I love gadgets. I own several. One of which, a Samsung ten inch screen tablet S4 is proving its worth with every single advancing day because it has built in GPS, and I don’t have to bother with logging on to every single dodgy Wi-Fi connection every time I use most of the non-Interweb maps. Do I care that ‘the authorities’ can track my every move when I bother to take said item with me? No. I don’t feel the need to cart it around, so whoever wants to figuratively read over my shoulder will know what city I’m in, but that’s it. If I’ve locked it in the Hotel safe they won’t be able to find it at all, as a quarter inch of pressed steel makes a reasonable RF shield. That and the RF shielded carrying bag I keep it in when travelling. Switch it on when I need it, the rest of the time it’s pretty much invisible.
Anyway, that’s beside the point. Yesterday had me thinking. Over the weekend I’ve found myself remembering times past, and how we young ‘uns (as I was then) got by without the instant in-your-face immediacy of modern mobile communications. We had no Windows, Android, Tweets, blogs, Skype, Whatsap, Texting, Sexting, aps, iPhones, mobile phones, or Tablets. Computers and Telephones were far too unwieldy to be mobile, but we did have access to a form of Radio Telephony. If Dad was a high level service or Civil Engineer. Which one of my boyhood friend’s Dad’s was. No-one else we knew was, so it was no use to us. Yet we got by without much fuss. No zombie cannibal gangs dropped by to eat our brains. None of the nightmares conjured up by Hollywood came to play. The Apocalypse was for other people.
Yet we had the three day week. Scheduled power cuts for eight hours at a time in Winter. Strikes that seemed to shut everything down for days. The phone worked, but we kids weren’t allowed to use it. Later on I had my own place, and the joy of getting a phone (or trying to get) put in by British Telecom. BT’s advertising slogan ‘It’s for You-who‘ carried particular irony.
Indeed, the pace of life was slower. Much slower. Treacleishly so. People raised in today’s society would have trouble coping because their brains would be set up wrongly. Their memories are not so well developed. I also remember doing a hell of a lot of walking to see far flung friends. A brisk twenty five minute hike down unlit English B class roads with a national (60mph) speed limit which was more of a guideline than an absolute, to the nearest form of public transport. Which was usually late. Closest shop in the next village. One black and white TV in the house. My Dad liked watching snooker, which is a slightly surreal experience when you have to guess the colours. No remote control (That was me). And only, horror of horrors, three erratic channels! Remember signal ‘ghosting’?
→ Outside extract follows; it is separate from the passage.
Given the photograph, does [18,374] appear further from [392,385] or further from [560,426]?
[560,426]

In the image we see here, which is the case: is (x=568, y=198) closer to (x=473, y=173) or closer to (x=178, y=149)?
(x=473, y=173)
So we kids spent a lot of our time outside. Tramping across ploughed fields. Dawn to dusk. Hunting water rats, pigeons and rabbits with catapults (slingshots) or air rifles. Or just walking, simply because you had bugger all else you could afford to do. Under age sneaking into local pubs and clubs, the closest of which were a fifteen minute shank up and down some quite steep hills and dales. Learning about building our own cars and motorcycles in our mid to late teens, if our parents allowed us the garage space, and the guy with a car was king. Or at least someone to sponge lifts off with up to eight of us crammed into an ageing Ford Corsair with suspect brakes and limited power on a Saturday night. Using side roads which we knew the local coppers rarely patrolled. Come to think of it, the Police didn’t figure much in our lives. And we were invariably unsupervised. Walking and talking. Face to face.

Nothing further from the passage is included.